I have a theory. I have not validated this theory. I might have some details wrong.
When I write 'image', I mean a PE image (EXE or DLL).
In PE, we have two types of patching in images: rebasing and imports.
Rebasing is happens if any of the following is true:
- ASLR is enabled
- the image's preferred virtual memory is already allocated by something else (e.g. another DLL or VirtualAlloc or whatever)
Rebasing is relatively expensive because it needs to touch pages all over the image.
Rebasing can be cached. I assume it is cached by Windows. I assume this caching is the sharing mmozeiko mentioned. In theory, the cache doesn't need to be evicted when a process exits; the cache can be reused for a new process, even if no existing process has the image loaded.
Separate from rebasing is the import table. Patching imports is relatively cheap because it doesn't need to touch pages all over the image.

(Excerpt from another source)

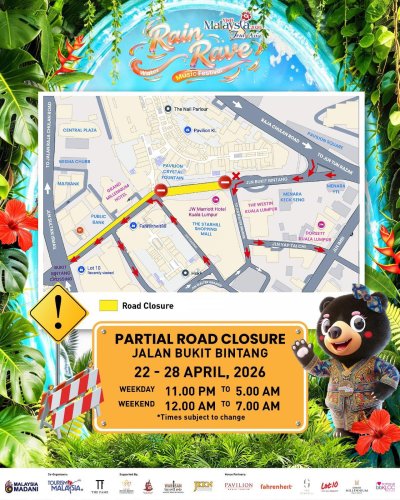 Bukit Bintang roads to be closed April 29 to May 2 for VMY 2026 celebrations, partial closures from April 22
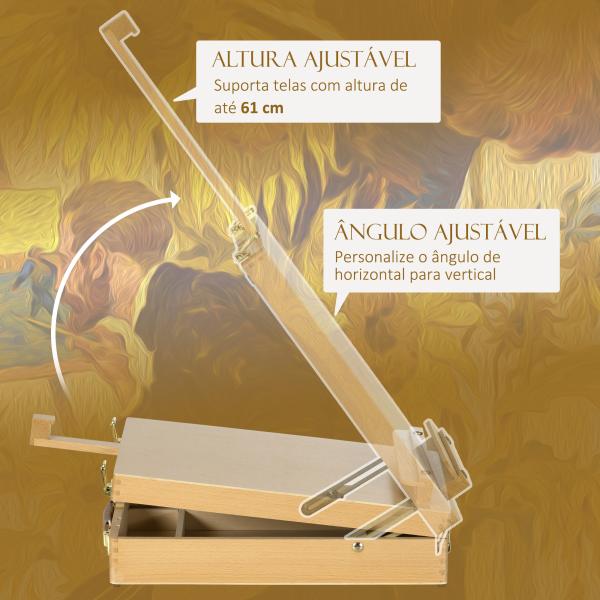 Cavalete de Mesa Ajustável em Madeira de Faia com 5 Compartimentos Prancha de Desenho e Esboços Dobrável 27x41,5x42,5 - 74,5 cm Madeira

Imports can be cached. I have no clue if Windows caches imports or not. I can imagine common cases where caching IAT might not be worth it. (The cache key for rebasing is image + base address. The cache key for imports is image + image and base address of every imported DLL.)
For the entry point EXE, consider two approaches for EXE-to-DLL calls: import table (what PE implements) and direct calls (your proposal) If we ignore ASLR and assume that the EXE rarely relocates, my mental model of the two approaches says the following:
- The import table approach is faster to load and uses less physical memory but is slower to execute, and
- The direct calls approach is faster to execute but slower to load and uses more physical memory.
Again, my comment is pure speculation. I haven't done any measurements or read any rationale from the designers of PE.